▶ Exercise
Leaving out the pictures, please reproduce exactly and only the lines from the one that contains "DIY Valentine Gift For Mom" through the last line below.

Start of The data

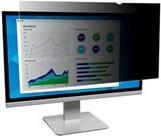 3 M Privacy Filter for 23.8" Widescreen Monitor, Black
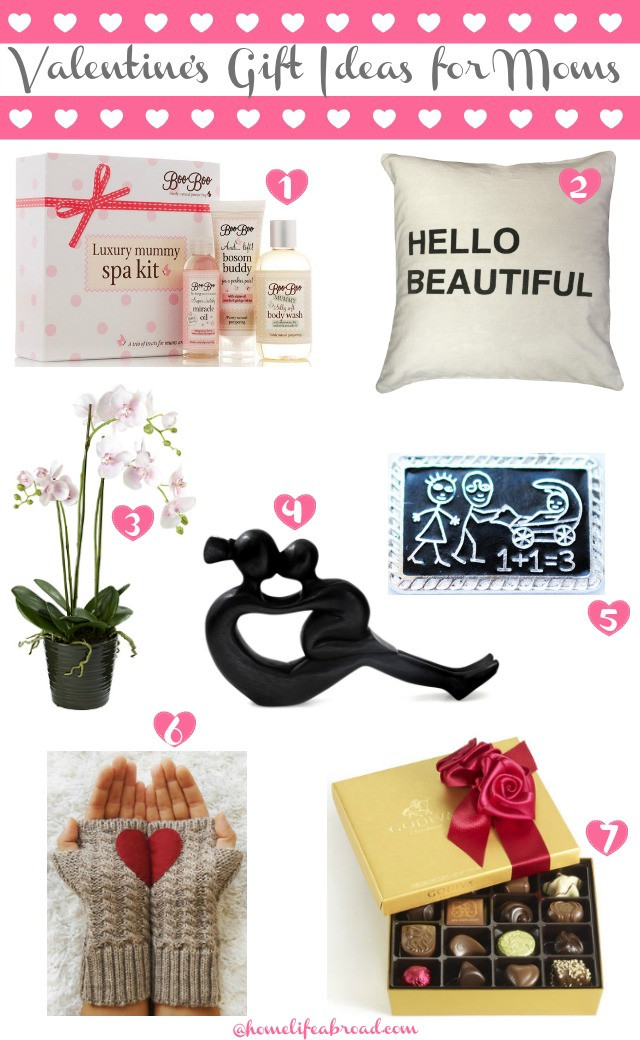 DIY Valentine Gift For Mom
 Valentine s Gift Ideas for Moms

End of The data

▶ Response to this task
 DIY Valentine Gift For Mom
 Valentine s Gift Ideas for Moms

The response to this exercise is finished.